Bush Interior Department modifies Clinton mining rules

Published January 1, 2002

Interior Department Solicitor William G. Myers III has issued a decision removing controversial language in mining regulations imposed by the Clinton administration in its final day of office.

The Clinton rules added several objectively defined legal hurdles to the mining of gold, copper, lead, and zinc on public lands, but also included language giving the Interior Secretary discretionary authority to veto any mining that could cause “substantial and irreparable harm” to the community.

Myers’ October 25 decision retains all of the Clinton rules’ objective hurdles, but eliminates the subjective “substantial and irreparable harm” language.

“Our solicitor has just issued a legal opinion that says denial of a mining permit on the grounds of ‘substantial and irreparable harm’ is not legally supportable,” stated Larry Finfer, a spokesperson for the Bureau of Land Management.

Finfer gave three important reasons for the Myers decision.

First, he noted, the Interior Department already has the authority to deny mining permits if the proposed mine does not comply with clean air and water laws. Second, the public was never given the opportunity to comment on the “substantial and irreparable harm” standard. Third, it would not be fair to reject a mining permit according to a subjective and unpredictable standard after a mining company met all its objectively defined obligations in the lengthy permit process.

The repeal of the discretionary standard, observed Finfer, eliminates the very real possibility that the Interior Secretary would tell a mining company, “You’ve cleared all 10 hurdles, but we’re saying you lose anyway.”

“Tempering of the excesses”

The Clinton rules, according to industry observers, marked the culmination of a decade of government hostility to mining that sent companies and jobs overseas, resulting in an over-reliance on foreign minerals. Jack Gerard, president of the National Mining Association, noted that Myers’ decision represents a welcome “tempering of the excesses that occurred in the previous administration.”

Gerard reported that investment in mineral development in America since 1993 has fallen by 88 percent, leaving America seven times more dependent on foreign mineral sources than it was at the beginning of the Clinton administration.

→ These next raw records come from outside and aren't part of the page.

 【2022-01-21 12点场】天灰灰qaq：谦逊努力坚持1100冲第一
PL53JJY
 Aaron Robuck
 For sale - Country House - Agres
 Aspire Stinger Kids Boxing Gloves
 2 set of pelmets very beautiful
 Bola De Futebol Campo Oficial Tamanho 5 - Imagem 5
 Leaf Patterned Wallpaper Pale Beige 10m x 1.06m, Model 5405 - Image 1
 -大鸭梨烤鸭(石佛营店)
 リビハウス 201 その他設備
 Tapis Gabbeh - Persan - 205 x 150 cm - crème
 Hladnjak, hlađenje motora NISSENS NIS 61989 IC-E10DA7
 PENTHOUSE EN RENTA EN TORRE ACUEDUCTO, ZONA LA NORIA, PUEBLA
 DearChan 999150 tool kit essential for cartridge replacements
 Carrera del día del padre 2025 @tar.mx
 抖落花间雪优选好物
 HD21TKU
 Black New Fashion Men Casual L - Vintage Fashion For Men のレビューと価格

“We hope this is a signal that we will stop that negative slide that has chilled the U.S. industry and has encouraged us to take our resources elsewhere,” Gerard stated. Not everyone was pleased with Myers’ decision. Lexi Shultz, legislative director of the Mineral Policy Center, a Washington, DC environmentalist group, complained the ruling symbolized a Bush administration “handshake with the industry.” She said it perpetuated government subsidies allowing companies “to take billions of dollars of valuable minerals out of public land for free without paying a royalty and without having to fully consider the damage that they leave behind.”

In Congress, however, Myers’ repeal of the subjective language of the Clinton rules found support on both sides of the political aisle. Democratic Senator Harry Reid of Nevada, whose state would be one of those most affected by the 11th-hour Clinton rules, led the fight to allow the Bush administration to revisit the Clinton regulations.

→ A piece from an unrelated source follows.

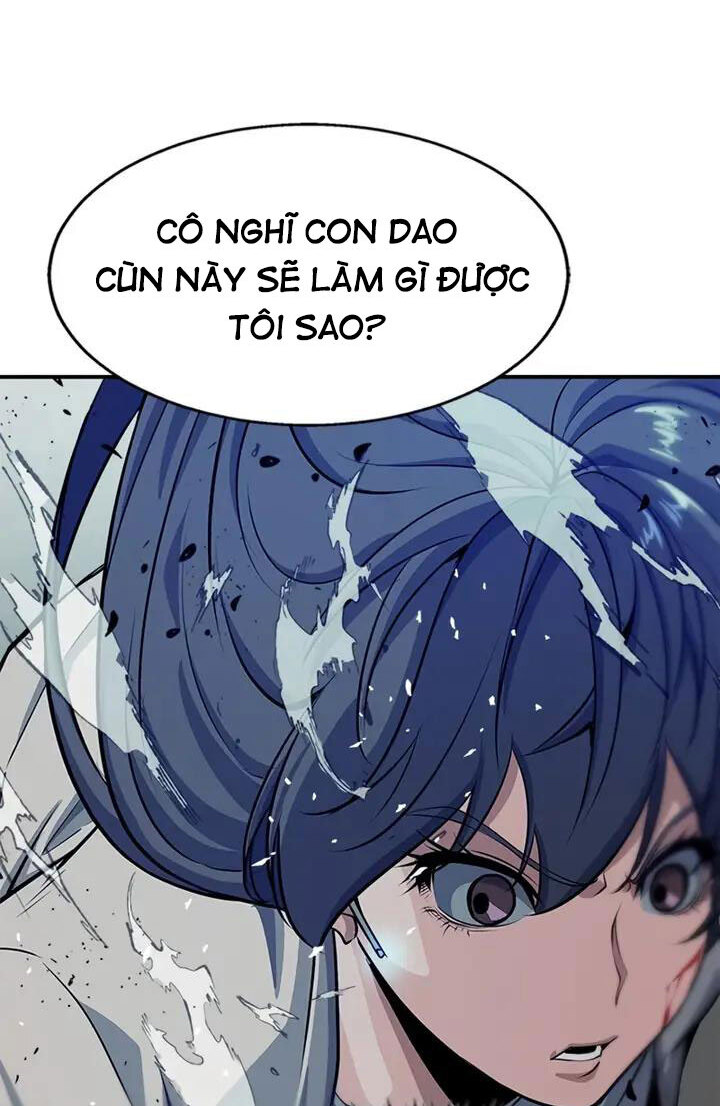 Người Chơi Bí Ẩn Chapter 7 - 39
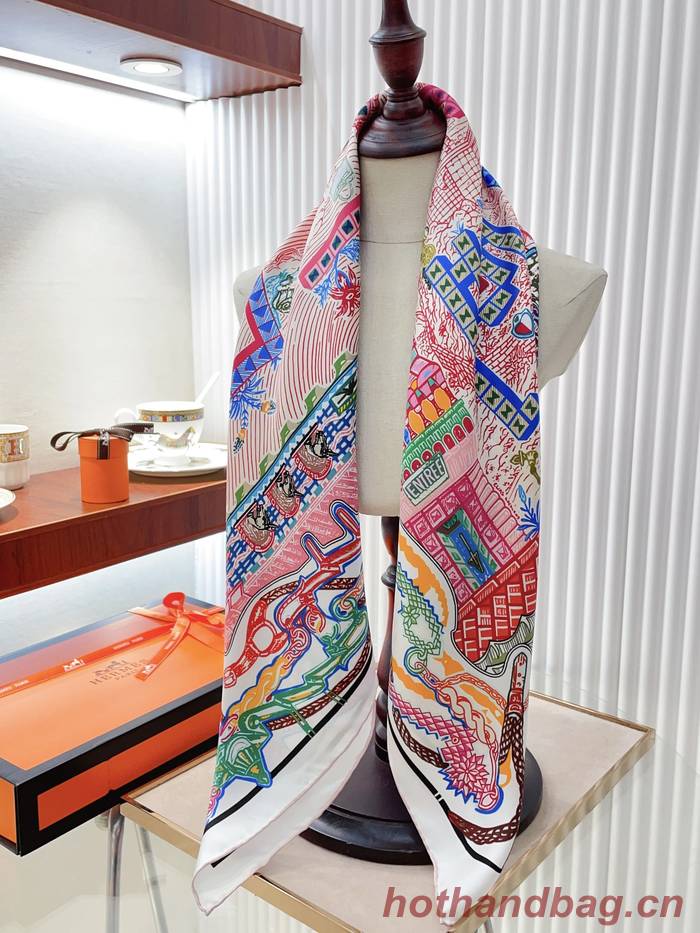 Hermes Scarf HEC00609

Responding to a critical editorial in the New York Times, Interior Secretary Gail Norton reiterated the Bush administration will retain the objective elements of the Clinton rules, which represent a significant tightening of mining regulations.

“We have required that companies that operate on federal lands post performance bonds to cover the costs of reclaiming land and also to provide an incentive for companies to protect environmental resources,” stated Norton. “In addition, we retained strict standards to address cyanide and to protect areas from acid mine damage. . . . To further address appropriate regulation of mining on public lands, I have proposed principles for reform of the 1872 mining law. These would empower us to levy fines against violators and to require payment of royalties.”